A new iOS exploit kit called Coruna has been leveraged by both a suspected Russian espionage group and a Chinese cybercrime gang, according to the Google Threat Intelligence Group (GTIG).
Researchers say the toolkit was originally built by an unnamed surveillance vendor. It contains 23 exploits grouped into five exploit chains and can target iPhones running iOS 13.0 through iOS 17.2.1 (released in December 2023).
GTIG first observed Coruna in early 2025 during highly targeted attacks carried out by a customer of the surveillance vendor. By summer 2025, the same toolkit appeared in watering hole attacks against Ukrainian users. The activity was linked to UNC6353, a suspected Russian state-backed group. The malicious code was hidden inside compromised Ukrainian websites and delivered through a hidden iFrame.
Only selected iPhone users in certain locations received the exploit. The attackers used a custom JavaScript framework that checked whether the visitor was using a real iPhone and collected details such as the device model and iOS version. Based on that information, it delivered the correct WebKit remote code execution (RCE) exploit, followed by a pointer authentication code (PAC) bypass.
The list of exploits used by the tool includes multiple flaws (CVE-2024-23222, CVE-2022-48503, CVE-2023-43000).
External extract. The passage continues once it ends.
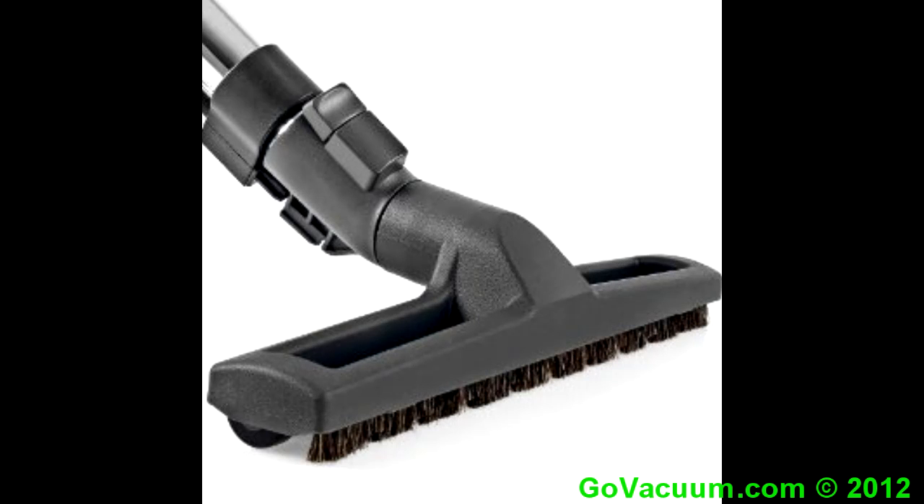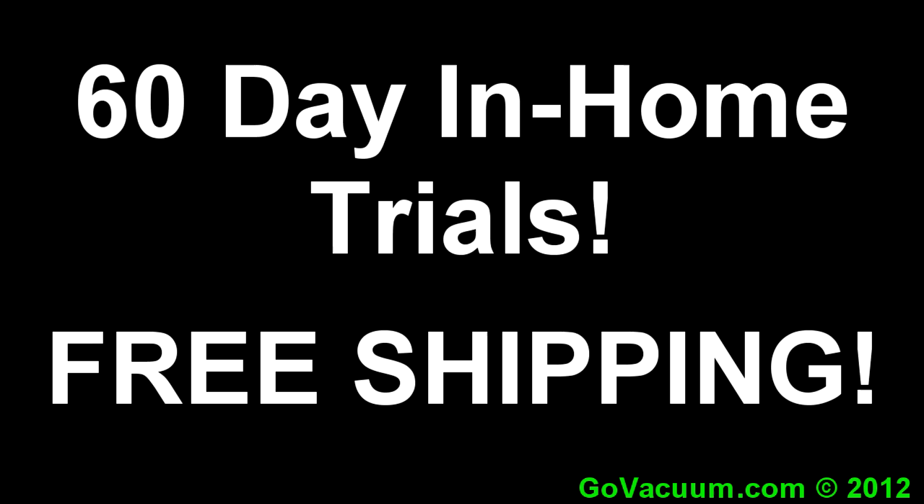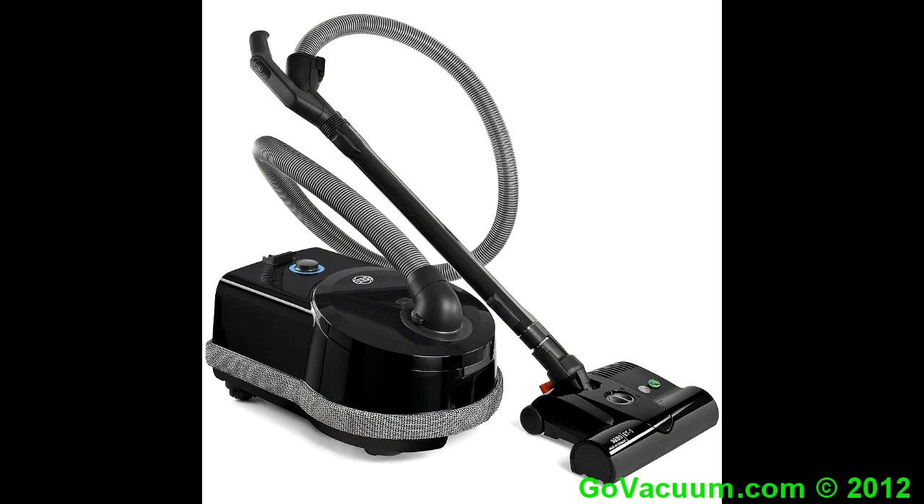Use the SIBO-D4 for all your vacuuming needs. A floor brush with a swivel head will keep your floor squeaky clean. Get a 60-day free trial, and shipping's always free. The SIBO-D4 vacuum is the best you'll ever see.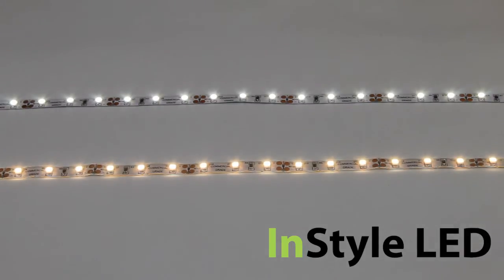All of our LED tapes can be fully dimmed via triac, mains dimming, DMX, 0-10 volt, or DALI. We can cut and solder the LED tape to any specific length, and all of our products come with a 2 year warranty.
CVE-2024-23222 was patched by Apple on January 22, 2024, in iOS 17.3. The flaw had previously been exploited as a zero-day.
Near the end of 2025, GTIG discovered the same exploit kit on hundreds of fake Chinese finance and gambling websites. The activity was linked to UNC6691, a financially motivated threat group operating from China.
Unlike the Ukrainian campaign, the websites targeted iPhone users globally. When accessed from an iOS device, a hidden iFrame automatically delivered the exploit kit.
Researchers said they recovered hundreds of samples covering five full iOS exploit chains. The exploit kit also delivered a second-stage payload able to scan images on the device for QR codes; search for keywords like “backup phrase” and “bank account;” steal data from cryptocurrency wallet apps, including MetaMask and BitKeep.
According to researchers at mobile security firm iVerify, who also analyzed the toolkit, it is unclear how the exploit kit moved from a surveillance vendor’s customer to multiple threat groups. However, the case suggests there may be an active market for reused or “second-hand” zero-day exploits.